▸ What this task involves
A verbatim copy of each record is required.

+---+

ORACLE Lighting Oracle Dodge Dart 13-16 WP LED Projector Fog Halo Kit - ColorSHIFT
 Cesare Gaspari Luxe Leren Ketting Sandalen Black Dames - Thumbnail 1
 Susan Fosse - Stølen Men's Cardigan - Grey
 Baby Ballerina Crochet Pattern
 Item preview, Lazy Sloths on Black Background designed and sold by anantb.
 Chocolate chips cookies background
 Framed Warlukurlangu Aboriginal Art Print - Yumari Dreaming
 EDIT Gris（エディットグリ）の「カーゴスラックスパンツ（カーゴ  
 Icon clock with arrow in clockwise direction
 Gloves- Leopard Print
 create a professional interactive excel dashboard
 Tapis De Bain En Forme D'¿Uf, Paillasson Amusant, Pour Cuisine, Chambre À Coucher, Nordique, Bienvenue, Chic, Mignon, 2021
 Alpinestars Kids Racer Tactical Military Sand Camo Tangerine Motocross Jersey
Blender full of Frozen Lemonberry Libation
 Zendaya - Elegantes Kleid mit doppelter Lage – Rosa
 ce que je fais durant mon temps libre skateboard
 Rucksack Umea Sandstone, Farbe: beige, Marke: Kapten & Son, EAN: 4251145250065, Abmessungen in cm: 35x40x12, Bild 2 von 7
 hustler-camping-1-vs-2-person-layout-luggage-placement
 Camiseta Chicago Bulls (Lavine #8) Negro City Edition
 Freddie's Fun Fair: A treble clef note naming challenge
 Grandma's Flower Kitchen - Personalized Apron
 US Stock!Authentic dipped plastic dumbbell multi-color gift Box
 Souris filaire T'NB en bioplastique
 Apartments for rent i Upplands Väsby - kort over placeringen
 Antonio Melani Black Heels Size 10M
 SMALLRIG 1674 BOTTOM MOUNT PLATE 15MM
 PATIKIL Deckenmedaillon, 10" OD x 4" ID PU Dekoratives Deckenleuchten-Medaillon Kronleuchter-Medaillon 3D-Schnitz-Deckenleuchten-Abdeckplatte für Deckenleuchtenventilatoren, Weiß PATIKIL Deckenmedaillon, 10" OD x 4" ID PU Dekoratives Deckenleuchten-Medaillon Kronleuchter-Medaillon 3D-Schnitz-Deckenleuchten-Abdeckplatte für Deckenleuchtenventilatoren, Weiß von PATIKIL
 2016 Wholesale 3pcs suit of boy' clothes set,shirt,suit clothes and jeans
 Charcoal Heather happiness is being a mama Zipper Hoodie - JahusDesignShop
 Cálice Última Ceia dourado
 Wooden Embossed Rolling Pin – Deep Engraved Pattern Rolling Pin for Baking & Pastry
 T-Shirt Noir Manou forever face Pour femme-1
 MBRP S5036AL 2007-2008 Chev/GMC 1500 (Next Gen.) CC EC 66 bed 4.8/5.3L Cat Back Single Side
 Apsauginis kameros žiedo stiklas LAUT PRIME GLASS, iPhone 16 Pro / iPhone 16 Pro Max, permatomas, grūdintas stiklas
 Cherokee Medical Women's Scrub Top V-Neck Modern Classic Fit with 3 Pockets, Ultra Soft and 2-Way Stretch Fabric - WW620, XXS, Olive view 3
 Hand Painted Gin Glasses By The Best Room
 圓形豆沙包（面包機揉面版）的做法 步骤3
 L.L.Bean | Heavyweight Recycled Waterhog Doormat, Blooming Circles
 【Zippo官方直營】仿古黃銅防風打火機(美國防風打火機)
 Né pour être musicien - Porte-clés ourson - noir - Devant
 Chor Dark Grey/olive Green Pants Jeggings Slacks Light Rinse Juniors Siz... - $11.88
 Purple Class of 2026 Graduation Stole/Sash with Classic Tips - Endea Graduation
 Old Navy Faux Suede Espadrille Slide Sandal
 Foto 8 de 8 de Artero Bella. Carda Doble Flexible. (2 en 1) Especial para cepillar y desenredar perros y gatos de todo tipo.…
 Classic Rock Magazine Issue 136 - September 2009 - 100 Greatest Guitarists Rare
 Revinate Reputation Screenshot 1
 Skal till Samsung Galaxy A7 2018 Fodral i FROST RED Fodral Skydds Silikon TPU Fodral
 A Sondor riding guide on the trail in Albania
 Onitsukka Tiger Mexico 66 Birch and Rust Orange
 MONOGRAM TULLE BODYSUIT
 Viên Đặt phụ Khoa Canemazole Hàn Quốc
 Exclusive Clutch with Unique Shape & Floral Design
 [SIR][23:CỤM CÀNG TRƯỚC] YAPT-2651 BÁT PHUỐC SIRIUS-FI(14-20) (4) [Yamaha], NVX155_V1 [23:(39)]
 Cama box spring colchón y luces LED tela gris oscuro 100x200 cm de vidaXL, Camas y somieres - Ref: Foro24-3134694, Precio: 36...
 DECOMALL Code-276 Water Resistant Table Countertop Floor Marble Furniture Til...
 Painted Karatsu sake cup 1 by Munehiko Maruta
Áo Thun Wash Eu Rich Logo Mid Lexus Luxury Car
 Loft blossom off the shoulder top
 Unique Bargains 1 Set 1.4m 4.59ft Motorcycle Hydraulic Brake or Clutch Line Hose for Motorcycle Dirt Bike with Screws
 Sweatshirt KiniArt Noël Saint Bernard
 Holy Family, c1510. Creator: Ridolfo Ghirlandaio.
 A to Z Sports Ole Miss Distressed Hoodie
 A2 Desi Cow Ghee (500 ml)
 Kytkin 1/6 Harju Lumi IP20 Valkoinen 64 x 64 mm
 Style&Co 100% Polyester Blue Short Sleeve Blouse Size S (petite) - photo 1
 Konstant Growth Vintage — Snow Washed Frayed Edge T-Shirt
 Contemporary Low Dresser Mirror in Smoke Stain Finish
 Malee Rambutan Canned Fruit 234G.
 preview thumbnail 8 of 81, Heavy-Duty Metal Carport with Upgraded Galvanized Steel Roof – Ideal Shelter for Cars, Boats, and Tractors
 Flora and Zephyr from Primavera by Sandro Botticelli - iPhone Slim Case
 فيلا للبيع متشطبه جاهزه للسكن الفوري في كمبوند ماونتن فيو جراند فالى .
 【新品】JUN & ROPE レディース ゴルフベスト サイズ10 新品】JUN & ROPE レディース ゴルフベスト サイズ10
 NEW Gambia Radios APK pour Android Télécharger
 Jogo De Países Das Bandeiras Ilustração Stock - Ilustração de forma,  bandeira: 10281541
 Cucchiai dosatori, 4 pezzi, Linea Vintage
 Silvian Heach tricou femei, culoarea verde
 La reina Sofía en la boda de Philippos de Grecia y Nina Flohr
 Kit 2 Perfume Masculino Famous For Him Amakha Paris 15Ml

+---+

▸ Solution for this task
ORACLE Lighting Oracle Dodge Dart 13-16 WP LED Projector Fog Halo Kit - ColorSHIFT
 Cesare Gaspari Luxe Leren Ketting Sandalen Black Dames - Thumbnail 1
 Susan Fosse - Stølen Men's Cardigan - Grey
 Baby Ballerina Crochet Pattern
 Item preview, Lazy Sloths on Black Background designed and sold by anantb.
 Chocolate chips cookies background
 Framed Warlukurlangu Aboriginal Art Print - Yumari Dreaming
 EDIT Gris（エディットグリ）の「カーゴスラックスパンツ（カーゴ  
 Icon clock with arrow in clockwise direction
 Gloves- Leopard Print
 create a professional interactive excel dashboard
 Tapis De Bain En Forme D'¿Uf, Paillasson Amusant, Pour Cuisine, Chambre À Coucher, Nordique, Bienvenue, Chic, Mignon, 2021
 Alpinestars Kids Racer Tactical Military Sand Camo Tangerine Motocross Jersey
Blender full of Frozen Lemonberry Libation
 Zendaya - Elegantes Kleid mit doppelter Lage – Rosa
 ce que je fais durant mon temps libre skateboard
 Rucksack Umea Sandstone, Farbe: beige, Marke: Kapten & Son, EAN: 4251145250065, Abmessungen in cm: 35x40x12, Bild 2 von 7
 hustler-camping-1-vs-2-person-layout-luggage-placement
 Camiseta Chicago Bulls (Lavine #8) Negro City Edition
 Freddie's Fun Fair: A treble clef note naming challenge
 Grandma's Flower Kitchen - Personalized Apron
 US Stock!Authentic dipped plastic dumbbell multi-color gift Box
 Souris filaire T'NB en bioplastique
 Apartments for rent i Upplands Väsby - kort over placeringen
 Antonio Melani Black Heels Size 10M
 SMALLRIG 1674 BOTTOM MOUNT PLATE 15MM
 PATIKIL Deckenmedaillon, 10" OD x 4" ID PU Dekoratives Deckenleuchten-Medaillon Kronleuchter-Medaillon 3D-Schnitz-Deckenleuchten-Abdeckplatte für Deckenleuchtenventilatoren, Weiß PATIKIL Deckenmedaillon, 10" OD x 4" ID PU Dekoratives Deckenleuchten-Medaillon Kronleuchter-Medaillon 3D-Schnitz-Deckenleuchten-Abdeckplatte für Deckenleuchtenventilatoren, Weiß von PATIKIL
 2016 Wholesale 3pcs suit of boy' clothes set,shirt,suit clothes and jeans
 Charcoal Heather happiness is being a mama Zipper Hoodie - JahusDesignShop
 Cálice Última Ceia dourado
 Wooden Embossed Rolling Pin – Deep Engraved Pattern Rolling Pin for Baking & Pastry
 T-Shirt Noir Manou forever face Pour femme-1
 MBRP S5036AL 2007-2008 Chev/GMC 1500 (Next Gen.) CC EC 66 bed 4.8/5.3L Cat Back Single Side
 Apsauginis kameros žiedo stiklas LAUT PRIME GLASS, iPhone 16 Pro / iPhone 16 Pro Max, permatomas, grūdintas stiklas
 Cherokee Medical Women's Scrub Top V-Neck Modern Classic Fit with 3 Pockets, Ultra Soft and 2-Way Stretch Fabric - WW620, XXS, Olive view 3
 Hand Painted Gin Glasses By The Best Room
 圓形豆沙包（面包機揉面版）的做法 步骤3
 L.L.Bean | Heavyweight Recycled Waterhog Doormat, Blooming Circles
 【Zippo官方直營】仿古黃銅防風打火機(美國防風打火機)
 Né pour être musicien - Porte-clés ourson - noir - Devant
 Chor Dark Grey/olive Green Pants Jeggings Slacks Light Rinse Juniors Siz... - $11.88
 Purple Class of 2026 Graduation Stole/Sash with Classic Tips - Endea Graduation
 Old Navy Faux Suede Espadrille Slide Sandal
 Foto 8 de 8 de Artero Bella. Carda Doble Flexible. (2 en 1) Especial para cepillar y desenredar perros y gatos de todo tipo.…
 Classic Rock Magazine Issue 136 - September 2009 - 100 Greatest Guitarists Rare
 Revinate Reputation Screenshot 1
 Skal till Samsung Galaxy A7 2018 Fodral i FROST RED Fodral Skydds Silikon TPU Fodral
 A Sondor riding guide on the trail in Albania
 Onitsukka Tiger Mexico 66 Birch and Rust Orange
 MONOGRAM TULLE BODYSUIT
 Viên Đặt phụ Khoa Canemazole Hàn Quốc
 Exclusive Clutch with Unique Shape & Floral Design
 [SIR][23:CỤM CÀNG TRƯỚC] YAPT-2651 BÁT PHUỐC SIRIUS-FI(14-20) (4) [Yamaha], NVX155_V1 [23:(39)]
 Cama box spring colchón y luces LED tela gris oscuro 100x200 cm de vidaXL, Camas y somieres - Ref: Foro24-3134694, Precio: 36...
 DECOMALL Code-276 Water Resistant Table Countertop Floor Marble Furniture Til...
 Painted Karatsu sake cup 1 by Munehiko Maruta
Áo Thun Wash Eu Rich Logo Mid Lexus Luxury Car
 Loft blossom off the shoulder top
 Unique Bargains 1 Set 1.4m 4.59ft Motorcycle Hydraulic Brake or Clutch Line Hose for Motorcycle Dirt Bike with Screws
 Sweatshirt KiniArt Noël Saint Bernard
 Holy Family, c1510. Creator: Ridolfo Ghirlandaio.
 A to Z Sports Ole Miss Distressed Hoodie
 A2 Desi Cow Ghee (500 ml)
 Kytkin 1/6 Harju Lumi IP20 Valkoinen 64 x 64 mm
 Style&Co 100% Polyester Blue Short Sleeve Blouse Size S (petite) - photo 1
 Konstant Growth Vintage — Snow Washed Frayed Edge T-Shirt
 Contemporary Low Dresser Mirror in Smoke Stain Finish
 Malee Rambutan Canned Fruit 234G.
 preview thumbnail 8 of 81, Heavy-Duty Metal Carport with Upgraded Galvanized Steel Roof – Ideal Shelter for Cars, Boats, and Tractors
 Flora and Zephyr from Primavera by Sandro Botticelli - iPhone Slim Case
 فيلا للبيع متشطبه جاهزه للسكن الفوري في كمبوند ماونتن فيو جراند فالى .
 【新品】JUN & ROPE レディース ゴルフベスト サイズ10 新品】JUN & ROPE レディース ゴルフベスト サイズ10
 NEW Gambia Radios APK pour Android Télécharger
 Jogo De Países Das Bandeiras Ilustração Stock - Ilustração de forma,  bandeira: 10281541
 Cucchiai dosatori, 4 pezzi, Linea Vintage
 Silvian Heach tricou femei, culoarea verde
 La reina Sofía en la boda de Philippos de Grecia y Nina Flohr
 Kit 2 Perfume Masculino Famous For Him Amakha Paris 15Ml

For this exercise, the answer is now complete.